● **PROBLEM STATEMENT**
The whole listing below should be printed again exactly, with no images.

● **INFORMATION SUPPLIED**
______

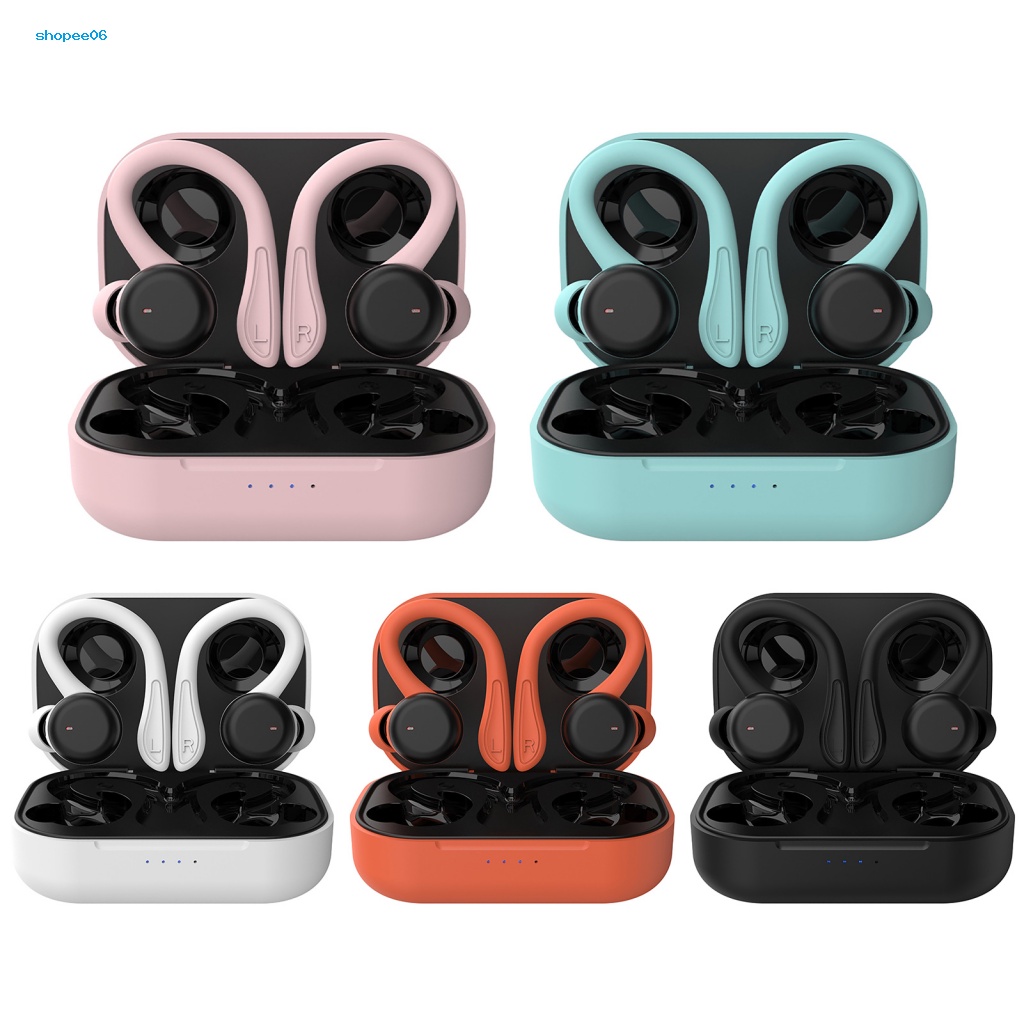 Tai Nghe Bluetooth PEMG Chống Nước IPX6 Móc Vành Tai Có Thể Điều Khiển Cảm Ứng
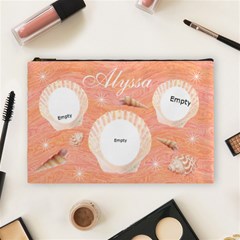 Cosmetic Bag (Large) - Seashells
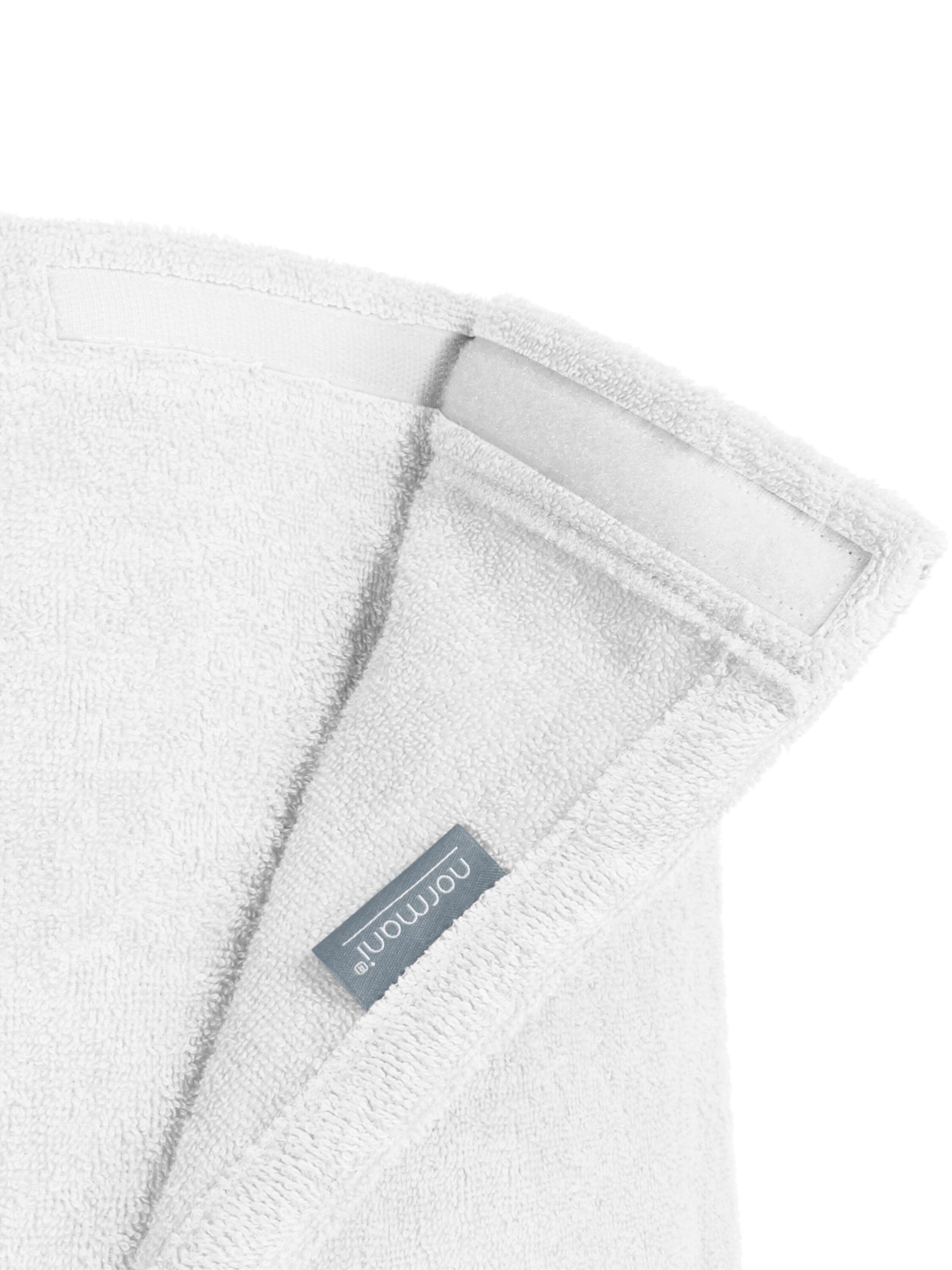 normani Short Bathrobe 'Mardin' in White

______

● **RESULT BELOW**
 Tai Nghe Bluetooth PEMG Chống Nước IPX6 Móc Vành Tai Có Thể Điều Khiển Cảm Ứng
 Cosmetic Bag (Large) - Seashells
 normani Short Bathrobe 'Mardin' in White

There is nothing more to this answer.